[prev in list] [next in list] [prev in thread] [next in thread] 

List:       linux-raid
Subject:    Re: mdadm --stop goes off and never comes back?
From:       "Jon Nelson" <jnelson-linux-raid () jamponi ! net>
Date:       2007-12-22 13:01:44
Message-ID: cccedfc60712220501n28cd9a6dx57e437c01dd1c1fb () mail ! gmail ! com
[Download RAW message or body]

On 12/22/07, Neil Brown <neilb@suse.de> wrote:
> On Wednesday December 19, jnelson-linux-raid@jamponi.net wrote:
> > On 12/19/07, Jon Nelson <jnelson-linux-raid@jamponi.net> wrote:
> > > On 12/19/07, Neil Brown <neilb@suse.de> wrote:
> > > > On Tuesday December 18, jnelson-linux-raid@jamponi.net wrote:
> > > > >
> > > > > I tried to stop the array:
> > > > >
> > > > > mdadm --stop /dev/md2
> > > > >
> > > > > and mdadm never came back. It's off in the kernel somewhere. :-(
>
> Looking at your stack traces, you have the "mdadm -S" holding
> an md lock and trying to get a sysfs lock as part of tearing down the
> array, and 'hald' is trying to read some attribute in
>    /sys/block/md....
> and is holding the sysfs lock and trying to get the md lock.
> A classic AB-BA deadlock.
>
> >
> > NOTE: kernel is stock openSUSE 10.3 kernel, x86_64, 2.6.22.13-0.3-default.
> >
>
> It is fixed in mainline with some substantial changes to sysfs.
> I don't imagine they are likely to get back ported to openSUSE, but
> you could try logging a bugzilla if you like.
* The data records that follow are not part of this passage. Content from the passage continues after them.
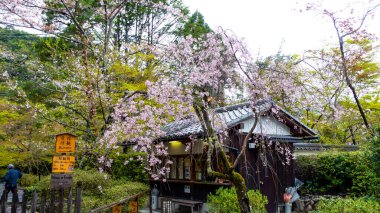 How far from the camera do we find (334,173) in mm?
13047

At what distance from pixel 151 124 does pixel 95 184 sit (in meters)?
2.85

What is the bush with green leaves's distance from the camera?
8.31 m

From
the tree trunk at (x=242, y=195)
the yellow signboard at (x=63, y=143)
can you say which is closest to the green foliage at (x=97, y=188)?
the yellow signboard at (x=63, y=143)

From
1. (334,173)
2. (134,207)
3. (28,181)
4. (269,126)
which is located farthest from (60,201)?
(28,181)

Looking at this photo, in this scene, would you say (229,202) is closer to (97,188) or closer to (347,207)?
(347,207)

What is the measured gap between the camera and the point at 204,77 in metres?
7.54

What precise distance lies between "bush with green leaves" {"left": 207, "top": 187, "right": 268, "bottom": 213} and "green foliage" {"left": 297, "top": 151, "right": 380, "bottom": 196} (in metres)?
4.88

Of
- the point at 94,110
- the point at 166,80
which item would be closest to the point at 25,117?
the point at 94,110

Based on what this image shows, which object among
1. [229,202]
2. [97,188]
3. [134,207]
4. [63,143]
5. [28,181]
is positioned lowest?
[28,181]

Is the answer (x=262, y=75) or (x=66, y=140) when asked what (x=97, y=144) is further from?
(x=262, y=75)

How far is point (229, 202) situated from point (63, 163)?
4.60m

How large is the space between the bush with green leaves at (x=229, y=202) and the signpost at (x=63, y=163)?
4231mm

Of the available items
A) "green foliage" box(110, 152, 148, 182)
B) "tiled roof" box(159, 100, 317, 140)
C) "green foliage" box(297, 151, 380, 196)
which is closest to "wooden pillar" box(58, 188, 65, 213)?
"tiled roof" box(159, 100, 317, 140)

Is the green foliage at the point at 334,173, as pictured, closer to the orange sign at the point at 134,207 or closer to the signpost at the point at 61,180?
the orange sign at the point at 134,207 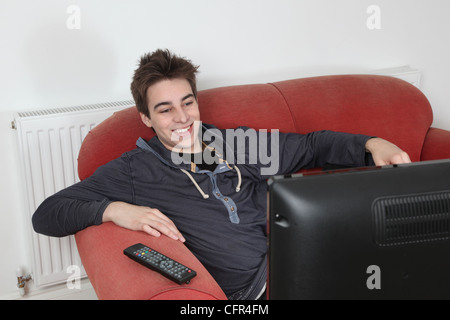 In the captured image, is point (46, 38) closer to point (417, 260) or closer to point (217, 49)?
point (217, 49)

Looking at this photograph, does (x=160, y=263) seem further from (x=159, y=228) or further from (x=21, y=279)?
(x=21, y=279)

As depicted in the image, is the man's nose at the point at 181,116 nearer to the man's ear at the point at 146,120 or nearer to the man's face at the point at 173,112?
the man's face at the point at 173,112

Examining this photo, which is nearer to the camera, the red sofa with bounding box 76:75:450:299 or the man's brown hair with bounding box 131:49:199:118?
the man's brown hair with bounding box 131:49:199:118

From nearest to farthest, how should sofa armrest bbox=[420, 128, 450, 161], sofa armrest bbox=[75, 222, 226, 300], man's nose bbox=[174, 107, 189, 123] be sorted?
1. sofa armrest bbox=[75, 222, 226, 300]
2. man's nose bbox=[174, 107, 189, 123]
3. sofa armrest bbox=[420, 128, 450, 161]

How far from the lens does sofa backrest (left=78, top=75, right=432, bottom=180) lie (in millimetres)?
1919

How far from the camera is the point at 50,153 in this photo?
2.01 m

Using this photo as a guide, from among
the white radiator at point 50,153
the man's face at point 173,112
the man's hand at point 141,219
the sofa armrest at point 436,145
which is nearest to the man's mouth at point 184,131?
the man's face at point 173,112

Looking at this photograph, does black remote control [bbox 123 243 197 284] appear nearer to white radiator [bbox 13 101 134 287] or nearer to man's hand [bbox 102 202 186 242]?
man's hand [bbox 102 202 186 242]

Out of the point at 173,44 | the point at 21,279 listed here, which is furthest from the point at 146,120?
the point at 21,279

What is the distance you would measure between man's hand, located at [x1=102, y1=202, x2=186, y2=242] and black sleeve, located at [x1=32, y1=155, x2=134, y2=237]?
0.04 meters

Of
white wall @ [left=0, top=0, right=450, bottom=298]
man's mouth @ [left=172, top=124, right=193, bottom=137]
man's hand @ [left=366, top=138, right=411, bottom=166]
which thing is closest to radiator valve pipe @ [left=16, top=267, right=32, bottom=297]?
white wall @ [left=0, top=0, right=450, bottom=298]

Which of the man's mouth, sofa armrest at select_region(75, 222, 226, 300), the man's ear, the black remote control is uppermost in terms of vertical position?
the man's ear

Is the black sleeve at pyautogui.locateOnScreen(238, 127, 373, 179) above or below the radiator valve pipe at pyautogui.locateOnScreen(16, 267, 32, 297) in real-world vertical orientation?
above

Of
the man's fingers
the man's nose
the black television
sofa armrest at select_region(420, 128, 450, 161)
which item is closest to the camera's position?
the black television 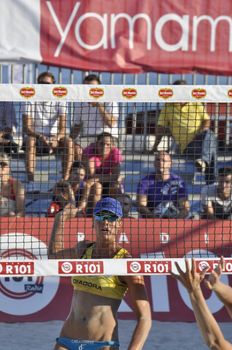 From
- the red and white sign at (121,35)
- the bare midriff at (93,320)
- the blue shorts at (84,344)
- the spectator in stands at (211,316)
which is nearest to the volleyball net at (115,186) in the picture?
the red and white sign at (121,35)

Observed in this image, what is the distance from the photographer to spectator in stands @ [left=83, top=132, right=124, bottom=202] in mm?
9117

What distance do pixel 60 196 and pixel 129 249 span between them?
0.88 m

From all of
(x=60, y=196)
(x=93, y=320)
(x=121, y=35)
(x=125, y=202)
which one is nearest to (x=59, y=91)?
(x=93, y=320)

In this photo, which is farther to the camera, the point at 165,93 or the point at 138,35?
the point at 138,35

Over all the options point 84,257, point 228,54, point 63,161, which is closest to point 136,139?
point 63,161

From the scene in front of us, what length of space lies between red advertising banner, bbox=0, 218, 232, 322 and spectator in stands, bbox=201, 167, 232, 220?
421mm

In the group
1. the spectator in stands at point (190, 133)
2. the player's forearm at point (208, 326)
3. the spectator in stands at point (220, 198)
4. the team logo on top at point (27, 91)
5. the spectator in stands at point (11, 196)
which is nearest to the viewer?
the player's forearm at point (208, 326)

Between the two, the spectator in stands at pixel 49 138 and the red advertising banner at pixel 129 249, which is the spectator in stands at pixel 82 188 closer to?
the spectator in stands at pixel 49 138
Nah - I'm eagerly awaiting new kernels anyway as I have some network
cards that work much better (read: they work) with 2.6.24rc3+.

> The 'hald' process is interruptible and killing it would release the
> deadlock.

Cool.

> I suspect you have to be fairly unlucky to lose the race but it is
> obviously quite possible.

Sometimes we are all a little unlucky. In my case, it cost me a reboot
or, in others, nothing at all. Fortunately this was not a production
system with lots of users.

> I don't think there is anything I can do on the md side to avoid the
> bug.

In the situation I don't think that such a change would be warranted anyway.
Thanks again for looking at this. I'm a big believer in the 'canary in
a coal mine' mentality - some problems may indications of much more
serious issues, but in this case, it would appear that the issue has
already been taken care of. Have a Happy Holidays.

-- 
Jon
-
To unsubscribe from this list: send the line "unsubscribe linux-raid" in
the body of a message to majordomo@vger.kernel.org
More majordomo info at  http://vger.kernel.org/majordomo-info.html
[prev in list] [next in list] [prev in thread] [next in thread] 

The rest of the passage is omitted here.